Exercise:
Write out a word-for-word repetition of the lines that come before the line containing "Chevrolet Cruze II, 2014" in the listing below, along with that line itself, omitting pictures.

------

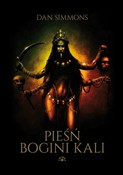Pieśń bogi... - Dan Simmons -  Polish Bookstore 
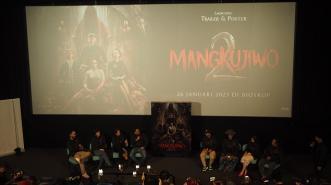 Tayang per 26 Januari, Ini Trailer & Poster Film Mangkujiwo 2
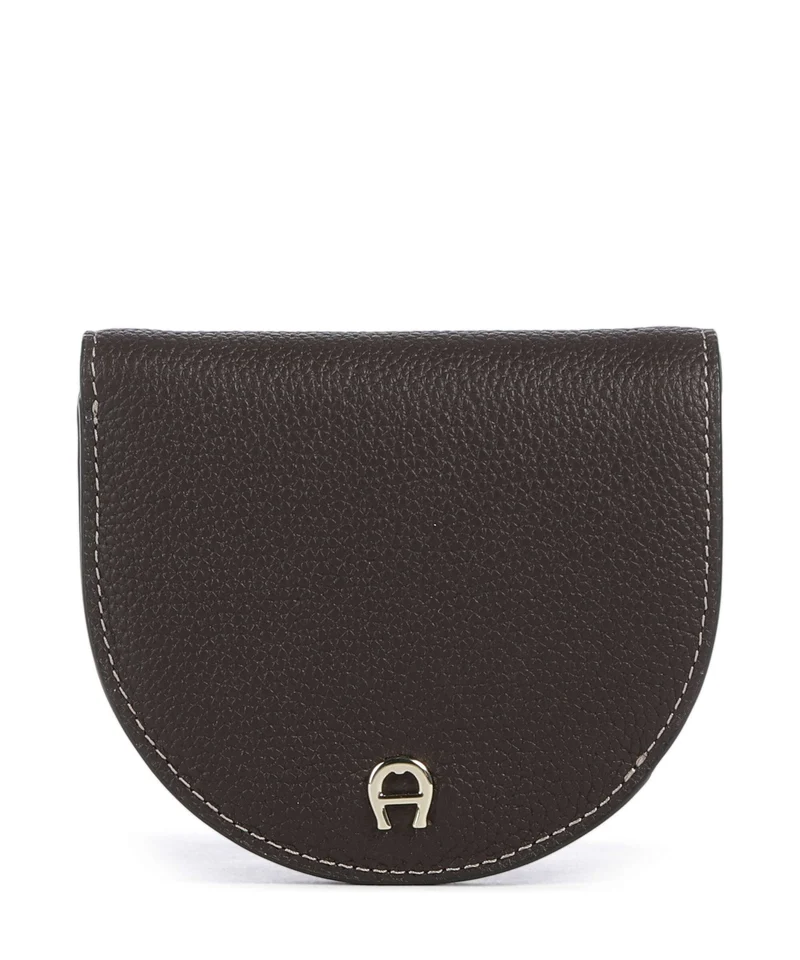 Aigner Sellina Geldbörse soil brown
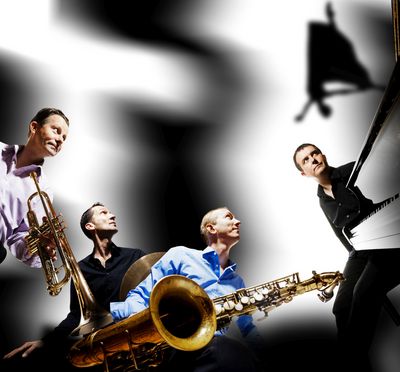 Echoes of Swing - Hildener Jazztage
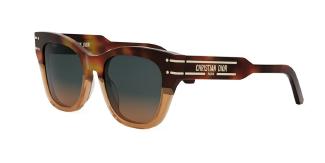 Солнцезащитные очки DIOR DiorSignature B4I 25F2 CD40158I 54F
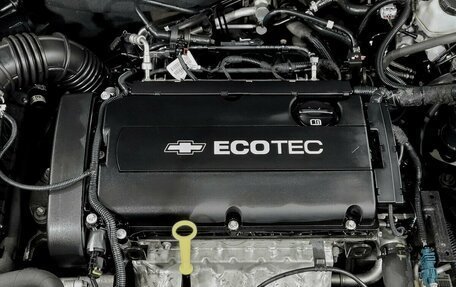 Chevrolet Cruze II, 2014 год, 1 050 000 рублей, 14 фотография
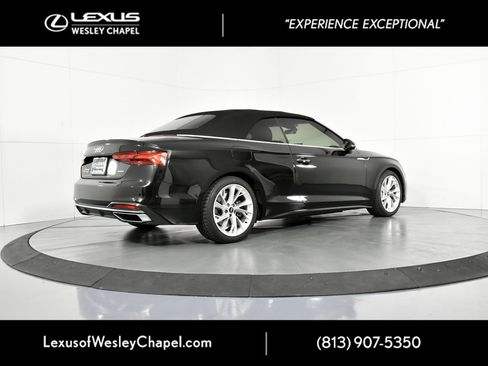 Used 2021 Audi A5 2.0T Premium Plus image 6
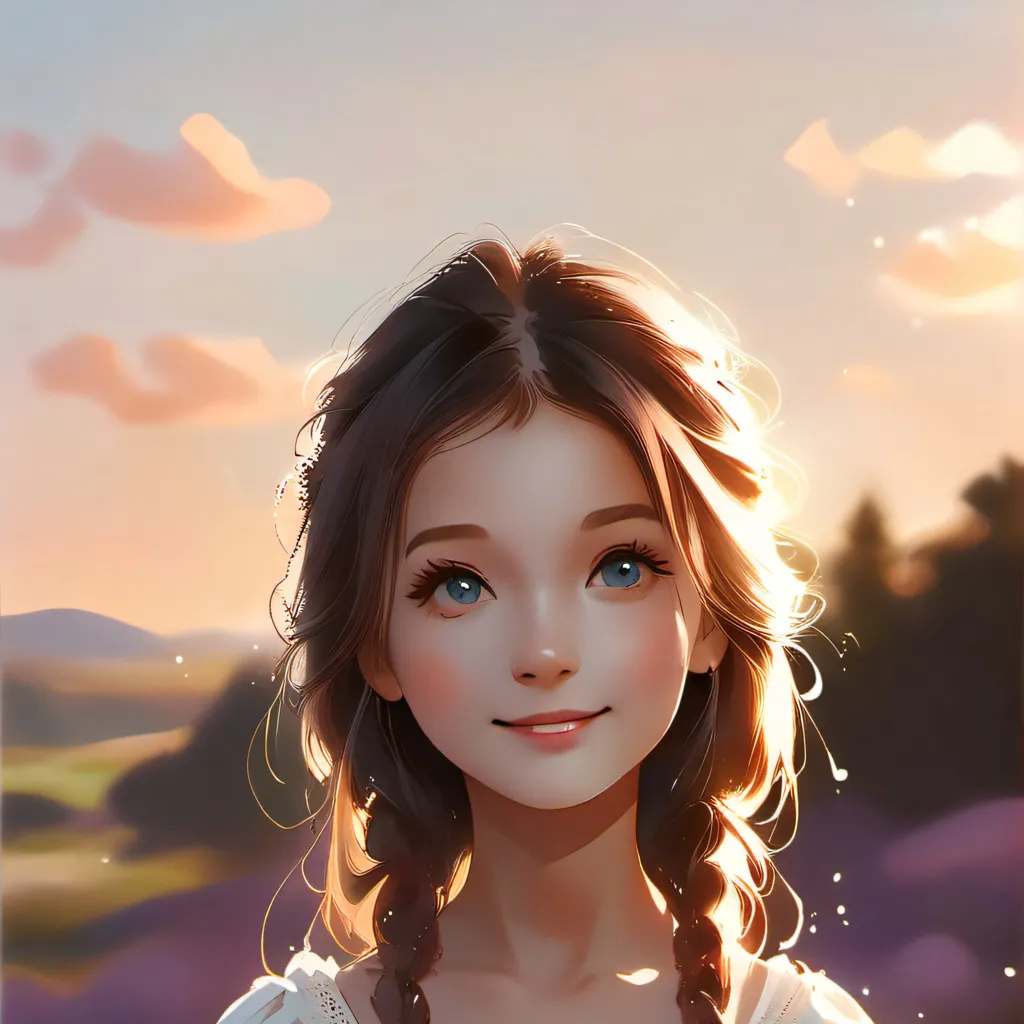chat with ai character: Emma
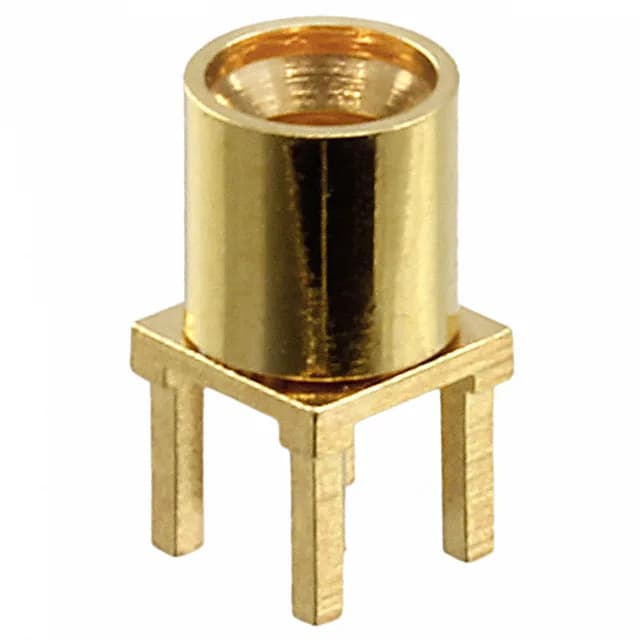 125-0701-201 — Cinch Connectivity Solutions Johnson product photo
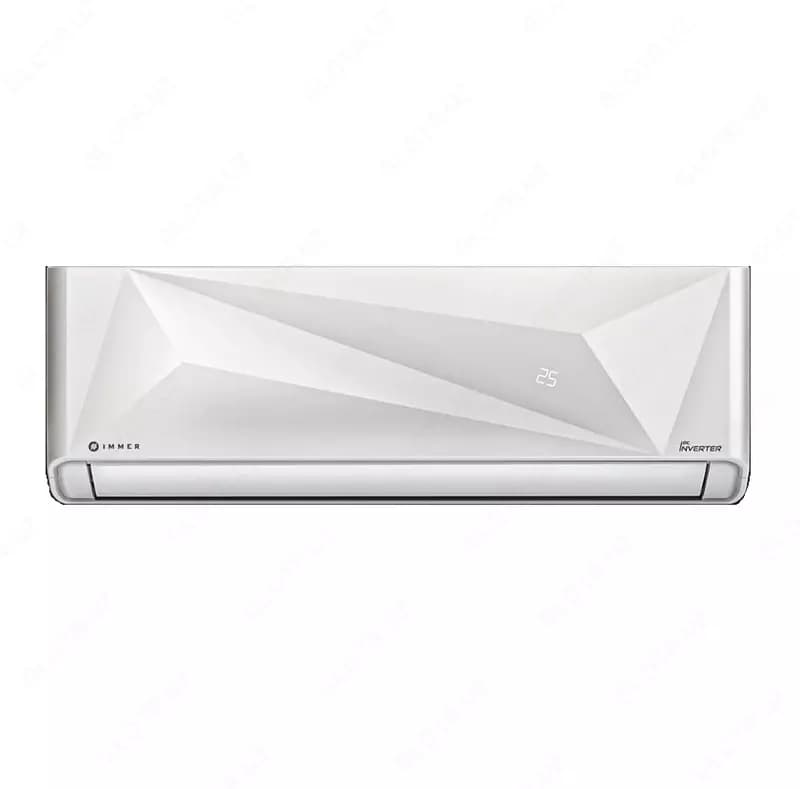 Кондиционер Immer Atmosphere 12 Inverter — 3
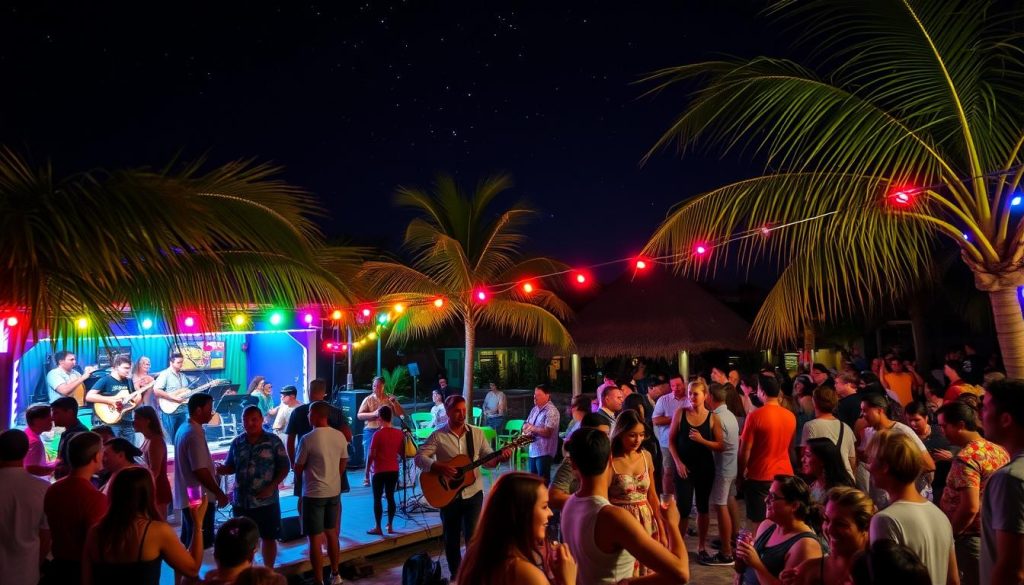 live music bars North Caicos live music bars North Caicos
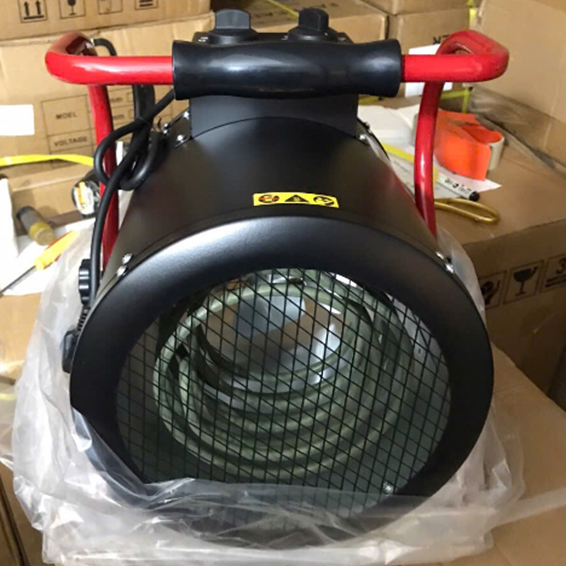 Quạt sấy gió nóng EBISU EH-05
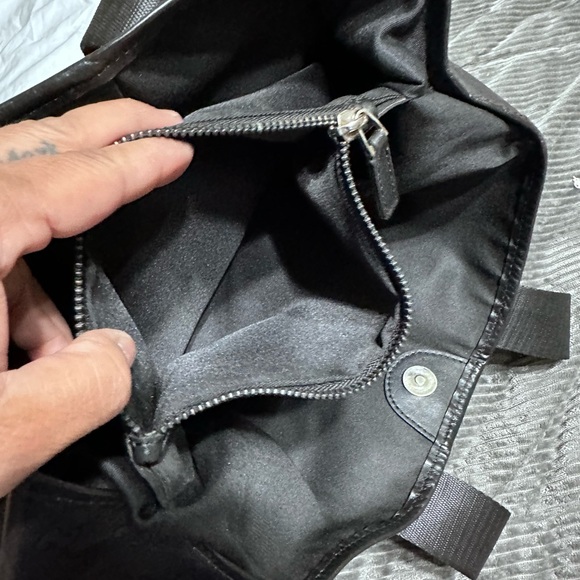 GUCCI EXTRA LARGE IMPRIME - Picture 8 of 16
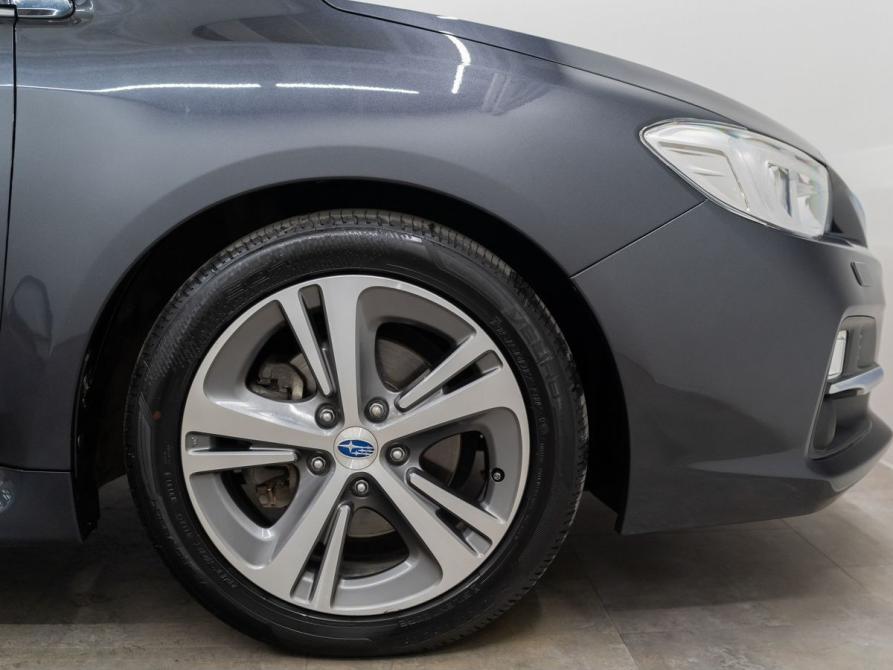 Subaru Levorg I Красноярск  - изображение 22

------

Your response:
Pieśń bogi... - Dan Simmons -  Polish Bookstore 
 Tayang per 26 Januari, Ini Trailer & Poster Film Mangkujiwo 2
 Aigner Sellina Geldbörse soil brown
 Echoes of Swing - Hildener Jazztage
 Солнцезащитные очки DIOR DiorSignature B4I 25F2 CD40158I 54F
 Chevrolet Cruze II, 2014 год, 1 050 000 рублей, 14 фотография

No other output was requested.